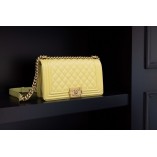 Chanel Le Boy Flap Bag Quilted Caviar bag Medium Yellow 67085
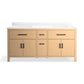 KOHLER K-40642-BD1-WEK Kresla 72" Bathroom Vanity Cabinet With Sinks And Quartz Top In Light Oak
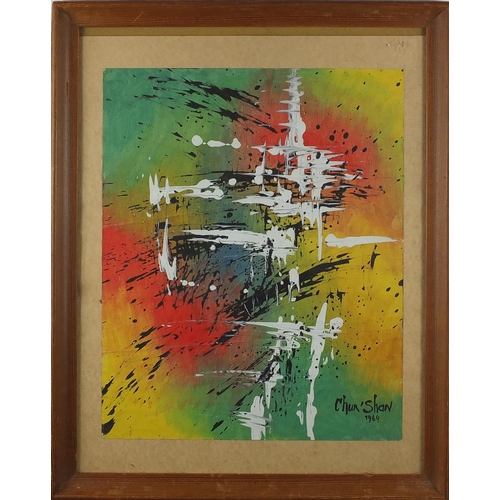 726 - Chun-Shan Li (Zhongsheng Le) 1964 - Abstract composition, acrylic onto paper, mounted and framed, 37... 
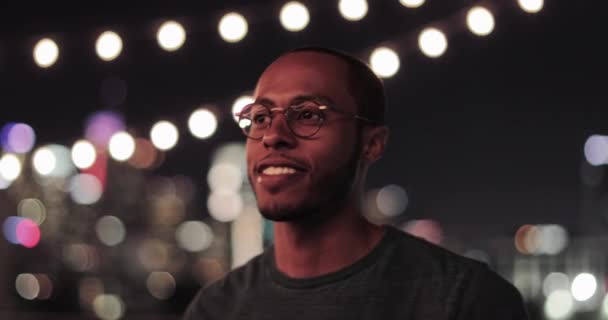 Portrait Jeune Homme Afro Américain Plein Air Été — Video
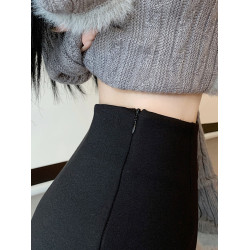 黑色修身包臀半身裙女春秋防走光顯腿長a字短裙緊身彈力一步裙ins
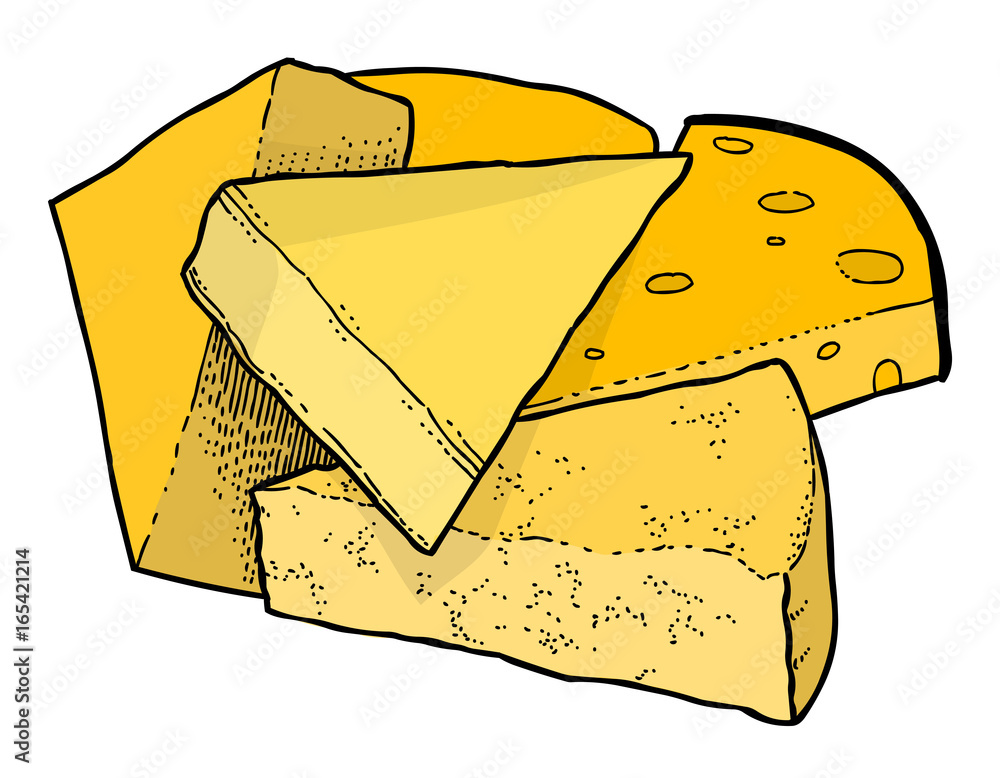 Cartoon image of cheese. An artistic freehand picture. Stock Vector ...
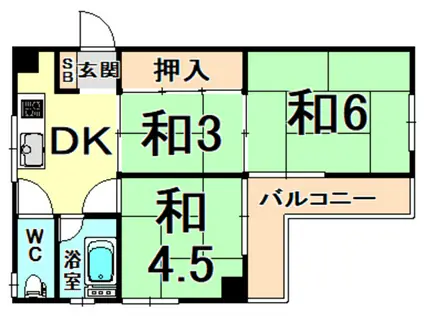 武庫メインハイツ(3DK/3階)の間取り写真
...
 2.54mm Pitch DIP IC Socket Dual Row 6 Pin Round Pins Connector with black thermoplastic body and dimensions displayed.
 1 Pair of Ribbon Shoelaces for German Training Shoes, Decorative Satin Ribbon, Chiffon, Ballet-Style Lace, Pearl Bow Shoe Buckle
* * *
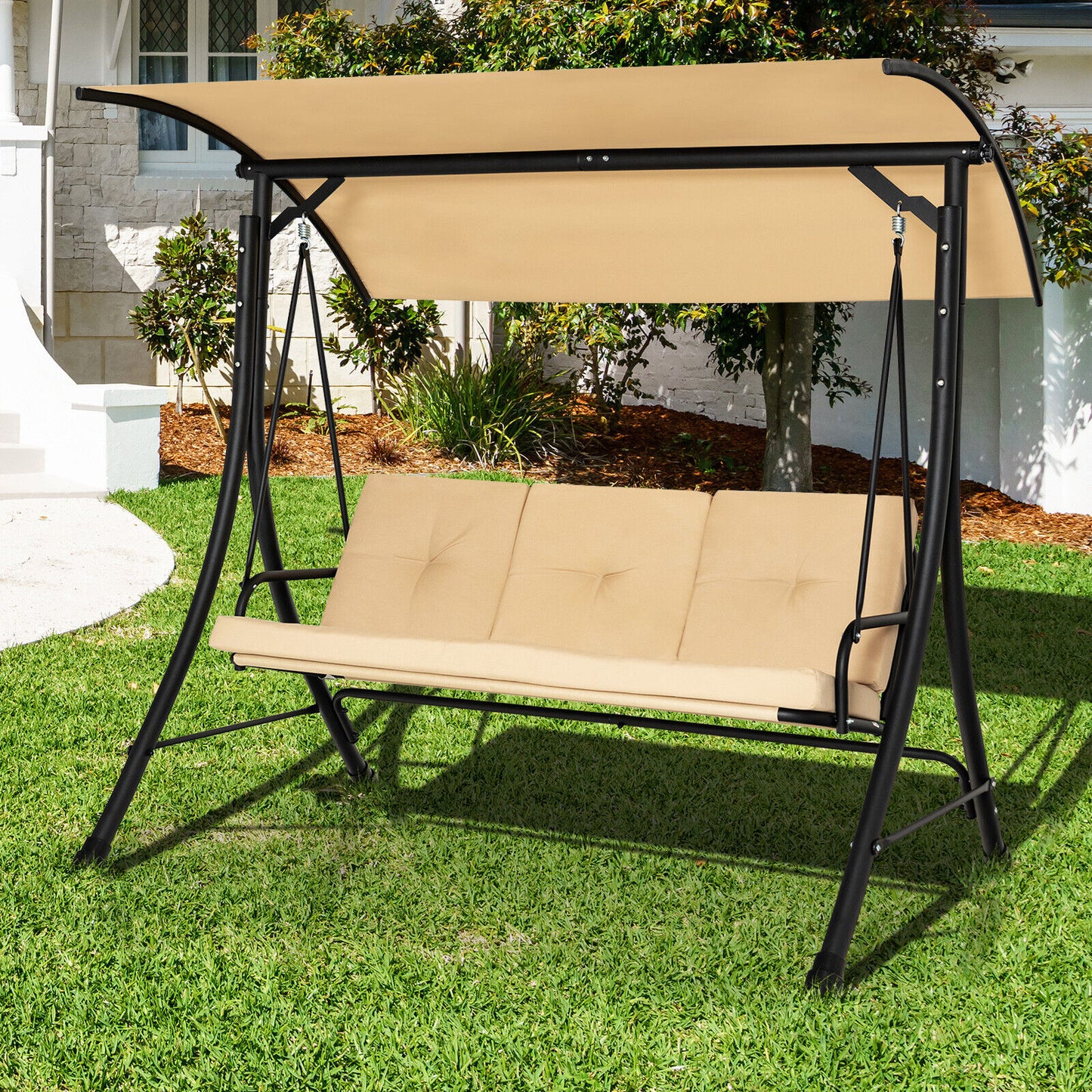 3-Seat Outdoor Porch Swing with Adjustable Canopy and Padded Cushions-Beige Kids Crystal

Exercise aim
Quote the lines above exactly, starting with the one that has "黑色修身包臀半身裙女春秋防走光顯腿長a字短裙緊身彈力一步裙ins" and ending with the one that has "武庫メインハイツ(3DK/3階)の間取り写真"; drop the pictures and include nothing else.

The answer
 黑色修身包臀半身裙女春秋防走光顯腿長a字短裙緊身彈力一步裙ins
 Cartoon image of cheese. An artistic freehand picture. Stock Vector ...
 武庫メインハイツ(3DK/3階)の間取り写真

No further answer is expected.